A scientist identified an ancient Egyptian board game, known as the Senet board, which would have served to communicate with the dead 3,500 years ago.
The piece is part of the collection of the Egyptian Rosicrucian Museum in San Jose, in the US state of California, and may give a new insight into the evolution of the game in the beginning of the New Kingdom of Egypt, emphasizes the new investigation, the results of which have been recently published in the specialized scientific journal The Journal of Egyptian Archeology.
According to the ancient texts cited in the investigation, cited by the Russia Today, the Senet was believed to offer a link to the afterlife.

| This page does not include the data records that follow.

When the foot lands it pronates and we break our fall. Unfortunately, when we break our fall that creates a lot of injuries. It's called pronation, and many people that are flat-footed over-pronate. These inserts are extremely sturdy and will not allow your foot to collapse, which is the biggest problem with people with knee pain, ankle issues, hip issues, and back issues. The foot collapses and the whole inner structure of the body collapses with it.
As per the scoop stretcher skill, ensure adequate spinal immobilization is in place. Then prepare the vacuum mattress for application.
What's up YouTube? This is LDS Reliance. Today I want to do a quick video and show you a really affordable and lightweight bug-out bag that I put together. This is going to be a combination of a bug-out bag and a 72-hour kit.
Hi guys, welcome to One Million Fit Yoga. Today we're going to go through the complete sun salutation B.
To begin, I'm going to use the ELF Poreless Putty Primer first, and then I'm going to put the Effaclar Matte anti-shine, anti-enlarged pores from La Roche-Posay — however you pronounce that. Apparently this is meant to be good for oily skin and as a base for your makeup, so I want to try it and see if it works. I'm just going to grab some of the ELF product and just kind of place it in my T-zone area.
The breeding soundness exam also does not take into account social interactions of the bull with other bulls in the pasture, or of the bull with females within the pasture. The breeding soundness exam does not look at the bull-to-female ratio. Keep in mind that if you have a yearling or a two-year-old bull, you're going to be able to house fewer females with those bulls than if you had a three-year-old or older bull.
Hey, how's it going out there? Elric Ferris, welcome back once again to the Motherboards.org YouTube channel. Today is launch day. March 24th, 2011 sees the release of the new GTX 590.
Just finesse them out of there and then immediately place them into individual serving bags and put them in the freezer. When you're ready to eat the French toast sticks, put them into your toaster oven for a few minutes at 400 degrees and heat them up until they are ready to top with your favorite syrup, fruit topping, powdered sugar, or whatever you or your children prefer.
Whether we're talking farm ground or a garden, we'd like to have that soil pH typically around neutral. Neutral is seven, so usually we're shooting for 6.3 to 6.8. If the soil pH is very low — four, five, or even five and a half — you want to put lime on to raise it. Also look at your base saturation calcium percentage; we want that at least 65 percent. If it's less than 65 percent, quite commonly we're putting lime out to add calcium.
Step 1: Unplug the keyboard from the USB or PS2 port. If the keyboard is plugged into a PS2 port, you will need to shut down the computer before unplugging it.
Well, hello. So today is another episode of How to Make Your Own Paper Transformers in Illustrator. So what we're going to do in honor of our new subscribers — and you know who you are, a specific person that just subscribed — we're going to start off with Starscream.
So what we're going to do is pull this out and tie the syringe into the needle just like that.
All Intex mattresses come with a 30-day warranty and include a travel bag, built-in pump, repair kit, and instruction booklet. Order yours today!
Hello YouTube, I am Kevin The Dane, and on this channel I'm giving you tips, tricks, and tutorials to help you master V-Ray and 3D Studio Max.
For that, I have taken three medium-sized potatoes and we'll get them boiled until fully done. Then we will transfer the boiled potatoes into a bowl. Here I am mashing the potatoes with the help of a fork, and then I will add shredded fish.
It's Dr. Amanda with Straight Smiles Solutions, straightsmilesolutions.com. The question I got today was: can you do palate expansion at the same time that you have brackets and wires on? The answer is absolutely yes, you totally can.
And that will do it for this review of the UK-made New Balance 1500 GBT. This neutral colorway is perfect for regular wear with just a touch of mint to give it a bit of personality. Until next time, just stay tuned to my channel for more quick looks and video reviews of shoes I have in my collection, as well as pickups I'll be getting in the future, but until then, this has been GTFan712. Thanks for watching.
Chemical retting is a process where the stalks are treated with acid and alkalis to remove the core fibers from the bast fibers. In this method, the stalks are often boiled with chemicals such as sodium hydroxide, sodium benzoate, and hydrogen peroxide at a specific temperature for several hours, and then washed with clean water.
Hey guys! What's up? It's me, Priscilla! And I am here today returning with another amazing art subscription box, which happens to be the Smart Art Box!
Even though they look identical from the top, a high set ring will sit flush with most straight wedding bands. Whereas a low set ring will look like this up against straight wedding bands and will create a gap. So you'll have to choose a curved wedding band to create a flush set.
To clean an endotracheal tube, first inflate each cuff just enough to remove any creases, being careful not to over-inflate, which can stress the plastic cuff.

According to the records, these panels first appeared about 5,000 years ago and initially served as a form of entertainment. However, 700 years after its invention, ancient Egyptian funeral art began to feature images that showed the person who had died playing Senet against living opponents.
Walter Cris, lead author of the study, believes that the San Jose board may reflect the first moments when the board was redesigned.
Senet means "to pass" and the archaeologist considers that this word could be referring to the religious connotation of the game in which the "ba" (animated force of deceased beings) passes through "duat" (the underworld where the spirit of the deceased should walking) or game mechanics, where the pieces were moved from side to side.
This is one of the oldest board games most studied by scientists, but there are still many unknowns to be resolved. It consists of 30 squares arranged in a pattern of three by ten, and is usually constructed with wood, ivory, crockery or a combination of these three materials.